# Ohio Chrome



## 88luneke (Jan 13, 2009)

Anyone else travel to Ohio for steelhead? If so let's get a report thread going.

Hit the Rocky today, hooked a bright hen around noon, and lost her at my feet. Tried the panic grab and all I got was a little slime and some wet arms. Yes, arms :lol:

Anymore reports?


----------



## laterilus (Mar 18, 2006)

Can't give a report but been to the vermillion several times. And I think the rocky, gotta go through a park not to far away from Cleveland if I remember correctly. Good steelhead fishing down there, best day ever landed 26 between me and a friend. Lotta 2-4 pounders but fun and relatively easy fishing.


----------



## 88luneke (Jan 13, 2009)

Yea the Rocky is probably the most accessible river I've ever fished. Metro park is around the entire thing almost. Parking areas, short hikes. Also means it gets busy quick. 

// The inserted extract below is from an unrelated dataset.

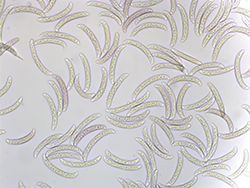 sintomo sindrome della morte improvvisa della soia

Been watching the flow chart all week. The rain we got yesterday may have muddied it up a little too much but who knows.


----------



## salmonslammer (Jan 28, 2001)

How is the rocky for wading? 
Drive by it up by the airport and always thought about bringing the gear with me.... Were there in early march (week before and after the car show) so i always figured it would be slow. it was iced over this year


----------



## 88luneke (Jan 13, 2009)

Rocky is easily waded. Very few spots are hard to get to there. 

Fished the Rocky from about 8 til 3 today. Caught one sucker, and didn't hear of anyone catching steel. Conditions were good, just not biting or not there, or maybe the stars weren't aligned. Oh well, good day on the river. 

I did decide today that I think I'll like fishing the Vermilion more than the Rocky. FAR less people, more hiking, and I didn't think I was in Ohio when I stopped by to hike around. She's coffee and cream at the moment so I didn't fish, but did see people fishing.


----------